At the time, I was a voracious reader who had just skipped a grade with a real-life crush who routinely told me he was going to “beat the crud out of” me. The idea that my mind could attract men’s affections instead of their disdain was nothing short of revolutionary. And it’s proved to be an enduring storyline: Little Women was remade as a PBS miniseries earlier this year and a Greta Gerwig adaptation, featuring Timothée Chalamet as Laurie, will be shot this fall.

While Chalamet has the hair if not the canines, there’s much more to love about Laurie than his looks. Laurie is fun.
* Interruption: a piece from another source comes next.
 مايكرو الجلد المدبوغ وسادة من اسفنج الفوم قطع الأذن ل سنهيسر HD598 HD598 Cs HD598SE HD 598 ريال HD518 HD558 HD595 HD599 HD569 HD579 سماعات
While Jo and Laurie spot each other in passing on Christmas Day, they first properly meet at a fancy ball, where Jo flattens herself against a wall to hide the fact that the back of her skirt is burned. (The Marches, who had once been wealthy, still get invited to high-society functions, but can't afford the fashions to match.) Laurie and Jo end up play-dancing in a side room, mocking the decorum of the event.

Jo ultimately rejects his marriage proposal: “We’re both stupidly stubborn, especially you. We’d only quarrel!” she says. Years later, after a period spent as a drunken layabout, Laurie gets engaged to Amy. Jo marries an older professor played by Gabriel Byrne, whose charm does little to offset the fact that they have zero onscreen chemistry. Both make mediocre, yet conclusive, matches.
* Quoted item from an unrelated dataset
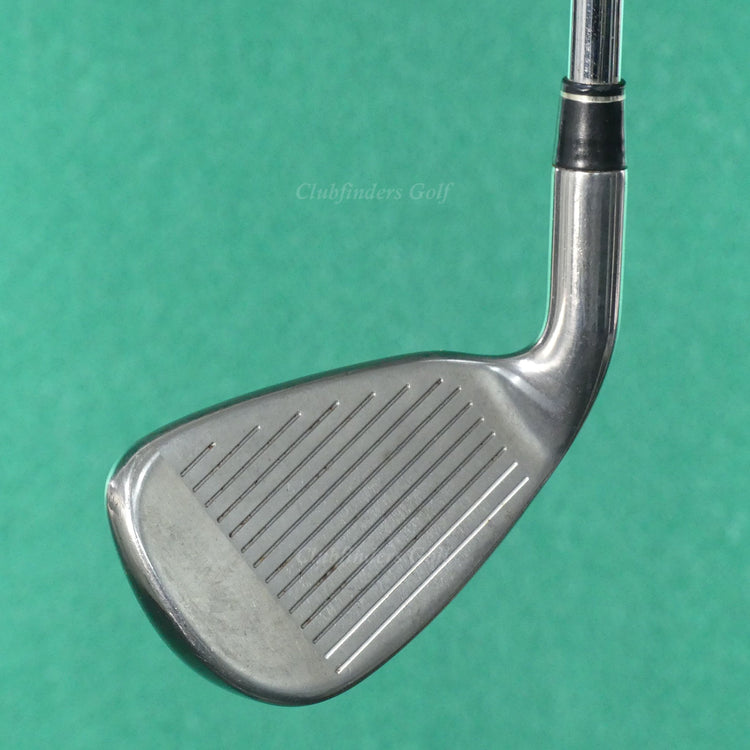 TaylorMade RAC OS 2005 Single 6 Iron Factory T-Step Ultralite 90g Steel Regular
To me, the fact that Laurie and Jo never ended up together was for the best. Instead of being confronted with the inevitable challenges of such a union, I could idealize it. Laurie is the eternal lover; Jo the eternal beloved.
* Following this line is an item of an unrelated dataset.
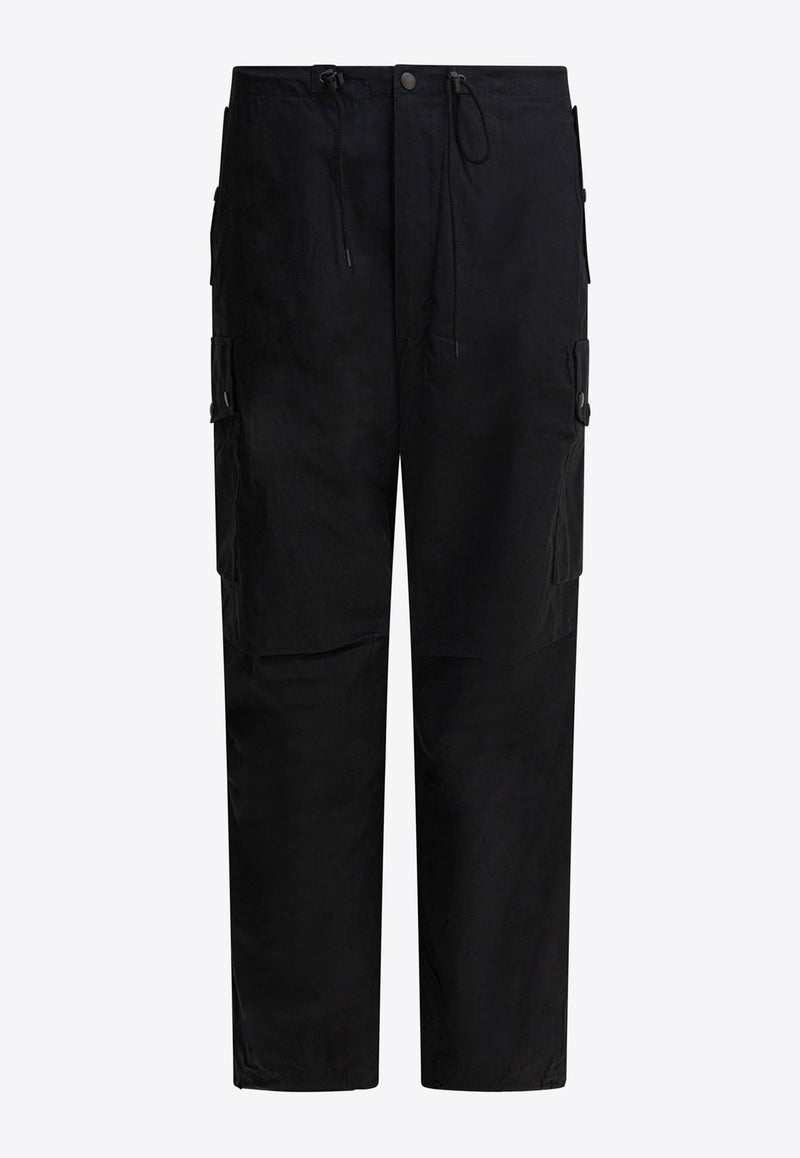 Needles C/N Oxford Cargo Pants Black RW245B-BLACK_e7224a7b-6807-4d5f-8553-7053f767e842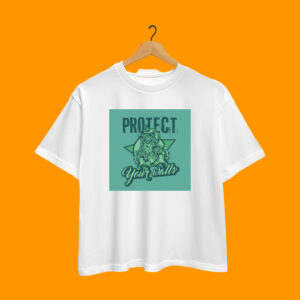 Printed Defender Designed T-Shirt For Men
But he isn’t faultless. In one scene, when Amy is 12 and he’s in college, Laurie promises he’ll kiss her before she dies. Yes, he’s saying that to relieve Amy’s fears of dying from scarlet fever, which she thinks she’s contracted from Beth, but they’re cuddled up closely in a carriage and it’s discomfiting, given the age difference between them. When he proposes to Jo, he pushes too hard, ramming through her disinterest and grabbing her forcibly. He can’t conceive of how she could refuse him, even though they’ve never been together. At the time, I took the former as proof of his compassion (plus, I was little and wanted to kiss Laurie, so didn’t care that Amy was so young at the time), and the latter as proof of his passion. What Laurie does perfectly is show up. He calls Marmee back from a trip when Beth is sick before anyone asks him to. He adorns the Marches’ house with holiday decorations. He helps Jo fish Amy out of a frozen pond when she falls through the ice. He’s a total and true friend, available to their family 24-7. The idea that a guy like that—thoughtful, caring, kind—could love a nerdy girl like me? Well, that was hot.